Nisula is a Professor of Russian and World Literature at Western Michigan University, who formerly taught Russian at K and has translated the works of Russian poets into English.
The two traveled to St. Petersburg to give bilingual performances of Hilberry’s works. Their venues ranged from the city’s university to the boiler room at an apartment complex where underground poets gathered.
The poems ranged from the haunting—dancing with skeletons in “Macabre”—to the intensely personal—the death of Hilberry’s wife in a poem by his daughter Jane.
The audience giggled at his daughter Ann’s childhood antics atop a unicycle and Hilberry’s description of the mustache as the graying gatekeeper to language. Jaws dropped at Hilberry’s depiction of the negative space in pieces of art as “an abandoned building once that building is gone.”
“It just makes me think a lot about language, not just about translating across languages, but across cultures,” said Professor of English Gail Griffin. “I thought of three poems I wanted to write during the reading.”
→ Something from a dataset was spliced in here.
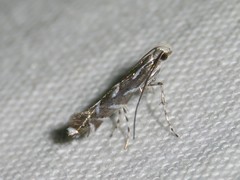 Parectopa pennsylvaniella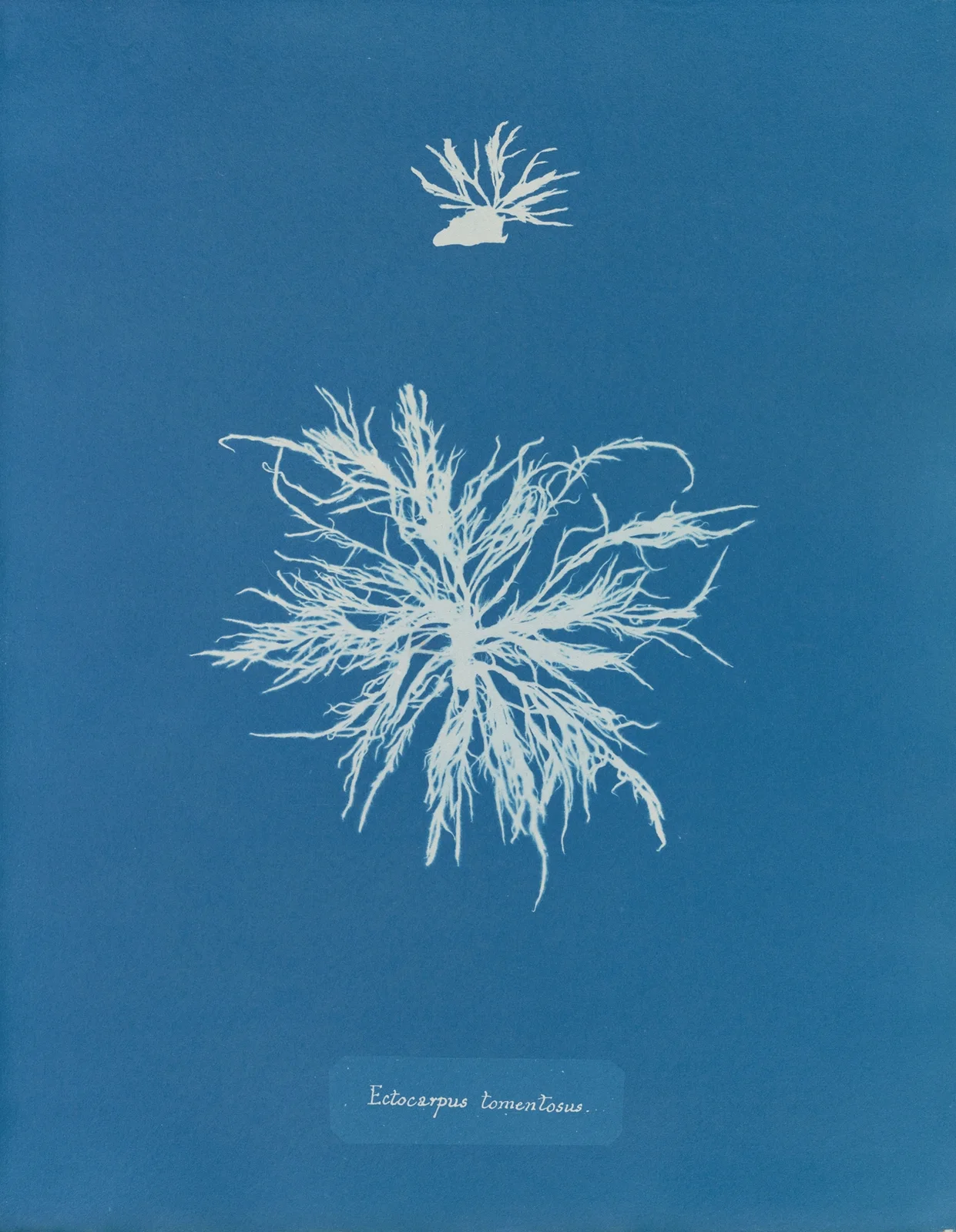 Ectocarpus tomentosus av Anna Atkins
“He is a poet who truly deserves to be heard in countries other than our own,” said sophomore English major Kim Grabowski, on the translation of Hilberry’s works into Russian.
Hilberry, who continues to write poetry, expressed great satisfaction at Nisula’s translation of his works and at his opportunity to return to K’s campus, which “feels like the place where I belong,” he said.
“I’m really honored by Dasha’s translation,” he said. On her translation of his poem “Adam’s Christmas,” he said, “Adam [my grandson] would be honored.”
Nisula has been thrilled to work with Hilberry’s works. “I feel like I’m a lost sister of Conrad’s or an adopted daughter,” she said.
Once she has translated more of Hilberry’s poems, she hopes to publish a bilingual collection of his works.